====== Provided material ======
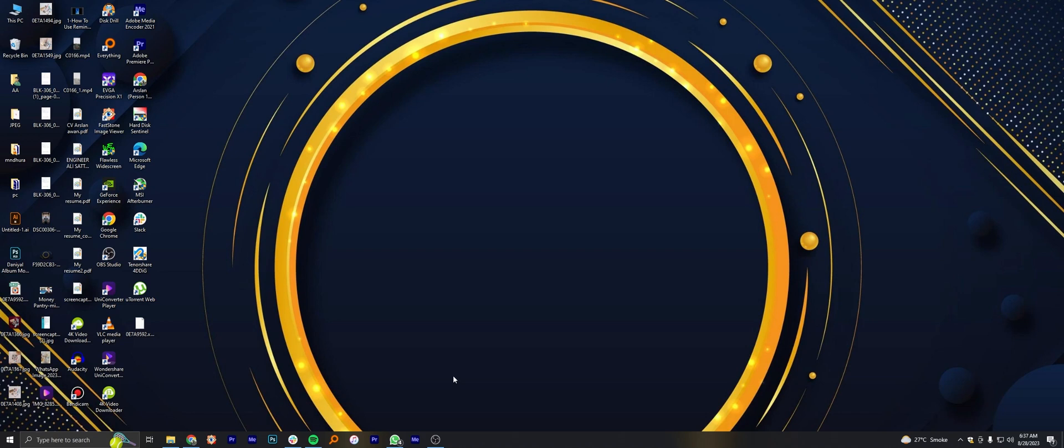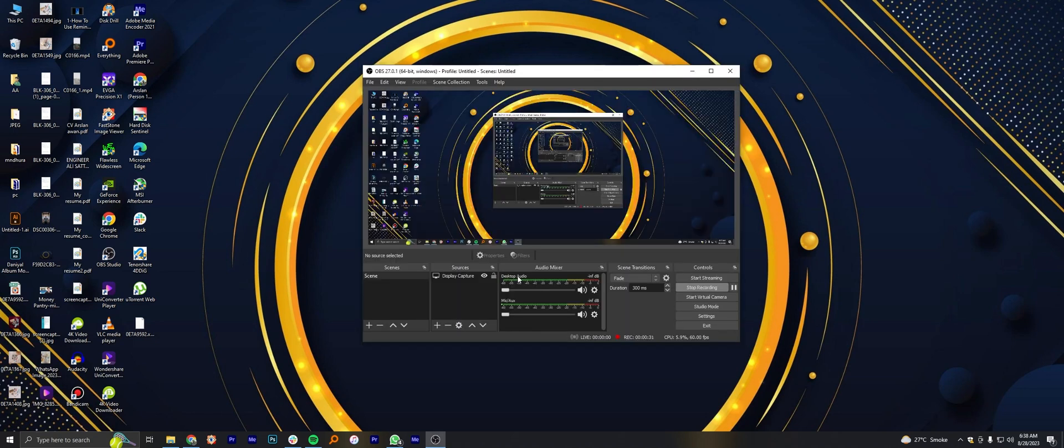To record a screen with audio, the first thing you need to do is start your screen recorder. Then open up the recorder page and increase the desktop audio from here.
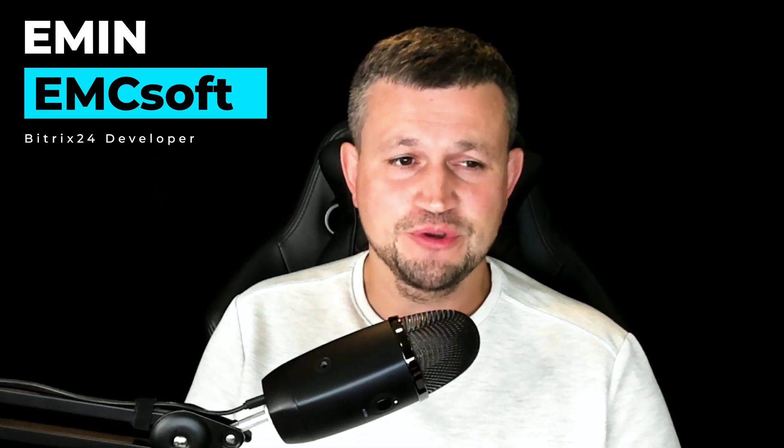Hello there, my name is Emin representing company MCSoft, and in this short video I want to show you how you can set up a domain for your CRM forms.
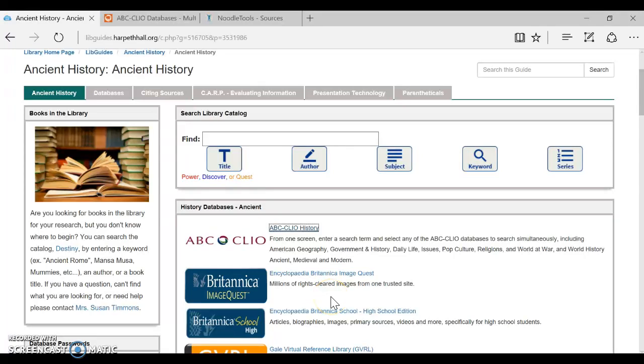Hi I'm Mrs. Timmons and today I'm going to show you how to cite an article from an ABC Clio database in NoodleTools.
======
• [Work item]:
Pictures stay out; reproduce exactly the lines from the one containing "Hello there, my" through the last line of the listing, both included.

• [Answer]:
Hello there, my name is Emin representing company MCSoft, and in this short video I want to show you how you can set up a domain for your CRM forms.
Hi I'm Mrs. Timmons and today I'm going to show you how to cite an article from an ABC Clio database in NoodleTools.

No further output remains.